With Callahan set to move into an every-down role after flourishing as the Bears' No. 3 cornerback and Jackson poised to multitask with responsibilities at safety and cornerback, they immediately helped restore the cornerback position to the strength it was for most of the 2010s, joining four-time Pro Bowler Chris Harris Jr.

But who is the next man up if Callahan, Harris or Jackson is injured? 

The contest for the No. 4 cornerback begins with 2018 third-round pick Isaac Yiadom and veteran De'Vante Bausby, who joined the Broncos in April after leading the Alliance of American Football in interceptions before the league shut down after eight games.

Yiadom played 263 snaps last season, 169 of which came in the Broncos' final four regular-season games.
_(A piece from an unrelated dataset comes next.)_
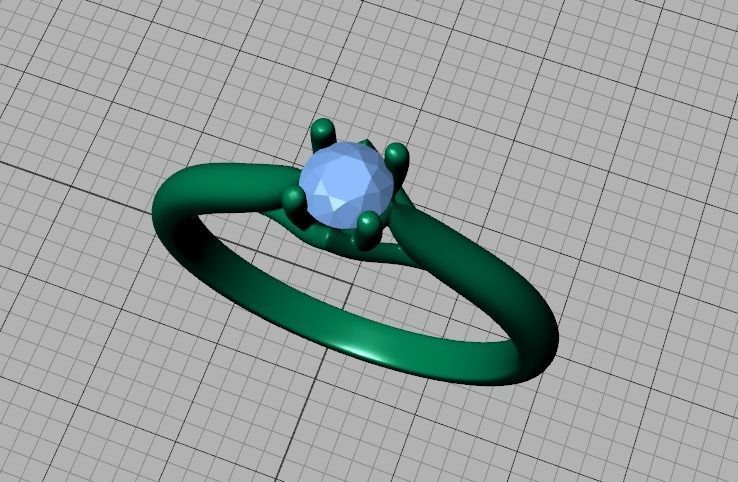 ELIANA DELICATE TRELLIS SOLITAIRE RING 20pointer stone  3D print model_32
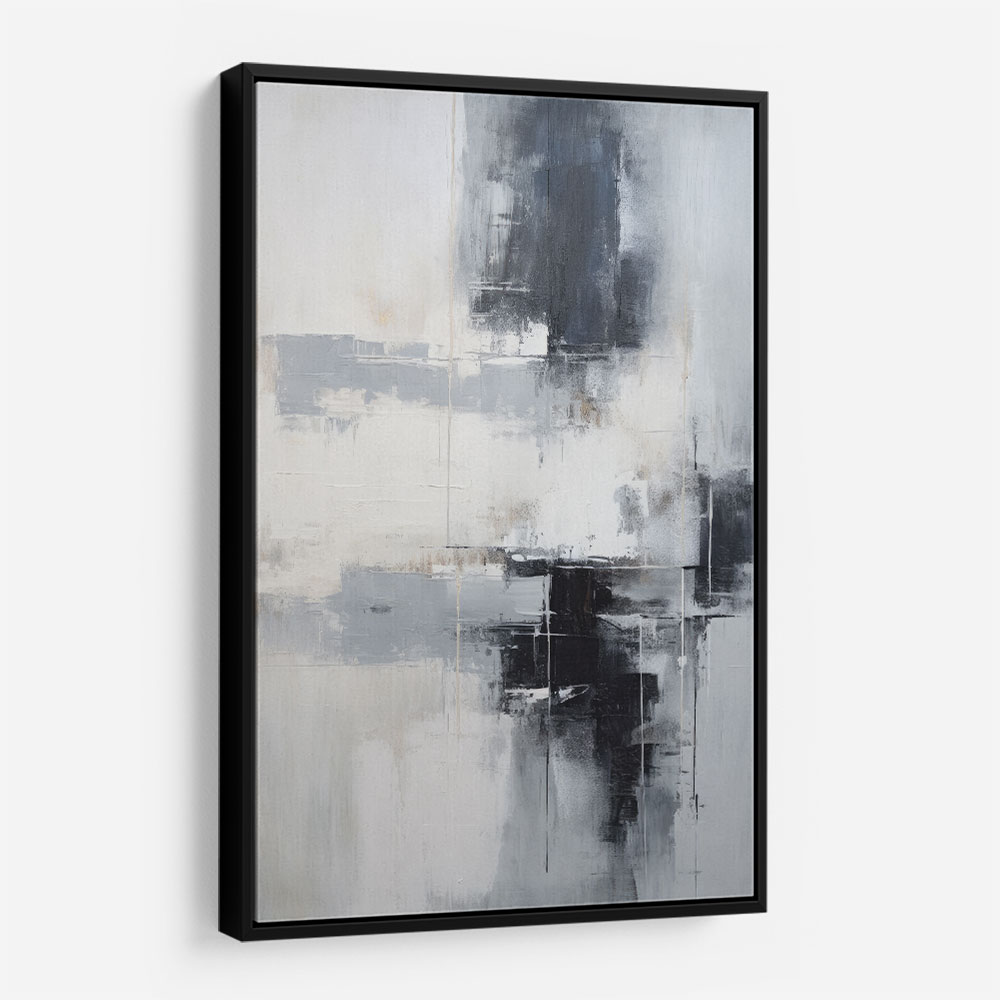 Silver & Black Strokes 3 Abstract Wall Art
"It was a long rookie year, for sure. I learned so much," Yiadom said last week. "But the No. 1 thing I learned is the game. The speed of the game wasn't new to me, because I knew it was going to be fast. But it was just understanding football concepts, how to study, what to look for, how to go about playing corner."
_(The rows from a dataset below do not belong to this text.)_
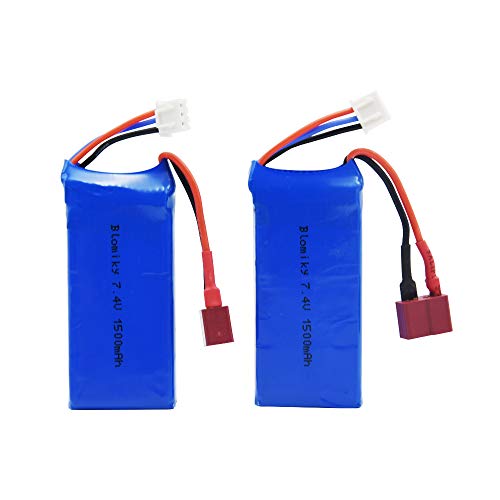 Blomiky 2 Pack 7.4V 1500mAh 40C Lipo 11.1Wh Rechargeable Battery T Plug and USB Cable Suitable for 9005E 300E 302E 9155 9156 and WLtoys A979-B 12428 4WD RC Trucks /12428 Battery 2 Pack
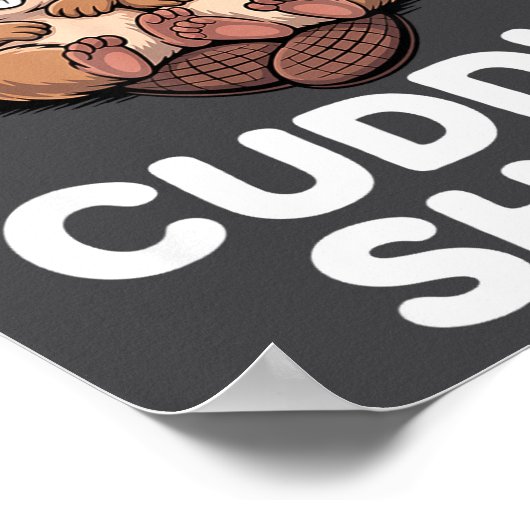 Funny Beavers Hugging Cuddle  Poster (Hoek)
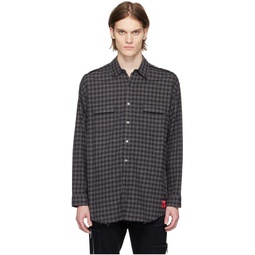 Black   Gray Check Shirt 231822M192003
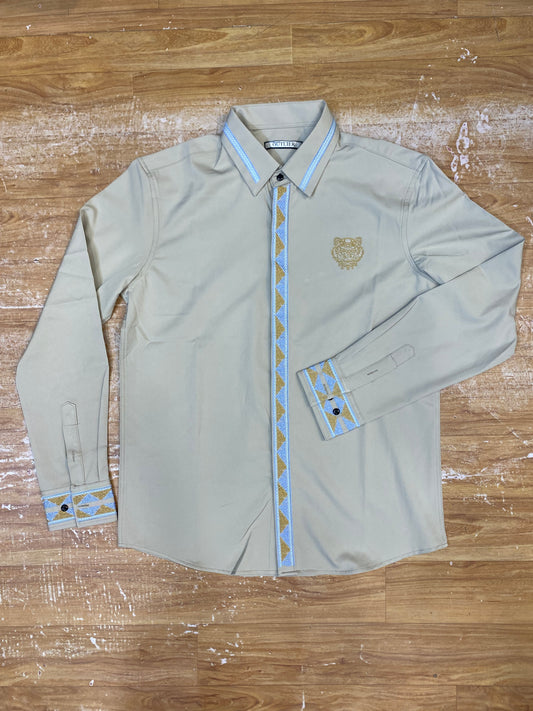 Outlier Cream Shirt Blue Flower Print Stripe Premium Quality Full Sleeve Shirt A1091
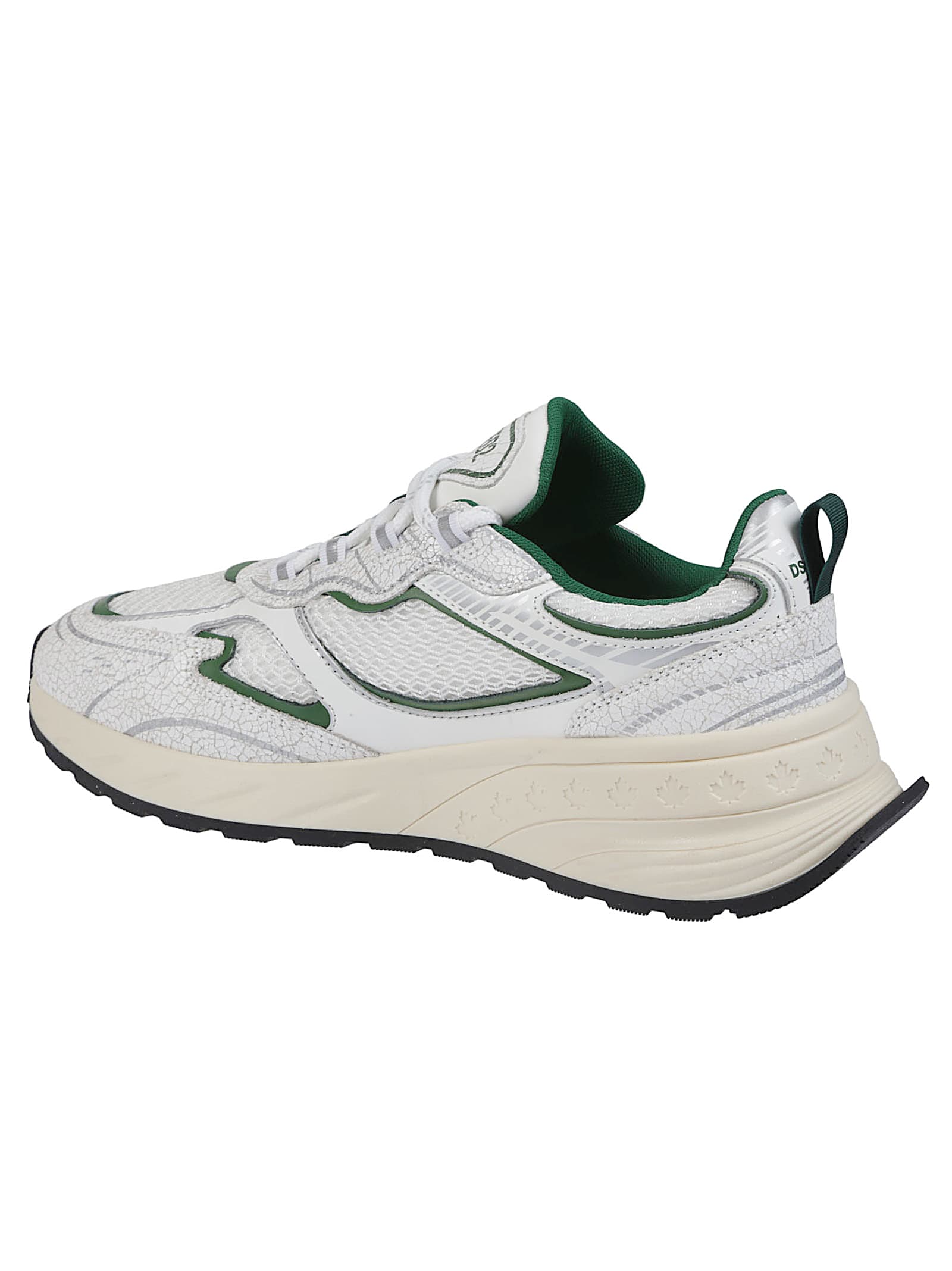 Dsquared2 Textured Mesh Sneakers Rubber Sole Pull Tab In White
To continue sharpening his skills, Yiadom joined wide receivers Courtland Sutton and DaeSean Hamilton in Florida for some extra training and workout sessions in late June.

"Most of the days, we would wake up, work out, come back home, relax, and then at night time, once the sun and humidity go down, we would go do position work," Yiadom said.

That extra work allowed Yiadom to build off an offseason that saw him focus on learning how to play off the line of scrimmage, which was a focal point of his work with Defensive Coordinator Ed Donatell.

"That's something I really emphasized this offseason. He helped me learn where to look, where my help is," Yiadom said. "How to stay square in my [back]pedal is a key thing that we've been working on, because as a defensive back, nobody really backpedals anymore, but if you can backpedal at an elite level, you won't get beat that often."

Bausby was able to make an early impression after joining the Broncos as he capitalized off the absence of Harris and the decision to ease Callahan and Yiadom up to full-speed work during the first weeks of the Broncos' offseason program. Bausby arrived in game shape thanks to his work in the AAF.

"We had [voluntary veteran] minicamp here my second week here, and I was still in midseason form, so I was out there flying around, going crazy, making plays," Bausby said.

Also aiding Bausby is the presence of Donatell and Head Coach Vic Fangio, who coached him in Chicago during the 2015 and 2016 seasons. Bausby has a firm grasp on what the scheme and coaches ask of the defensive backs.

"I think what makes our defensive backs unique is that we're ballhawks, but at the same time [we work on] little things like knowing the receiver's timing, knowing when to look for the ball in press coverage or knowing when to jump a route in off-man [coverage]," Bausby said last month. "Little things like that kind of separate us from a lot of other teams." 

The ability to succeed at executing those "little things" will also determine who ends up as the No. 4 cornerback.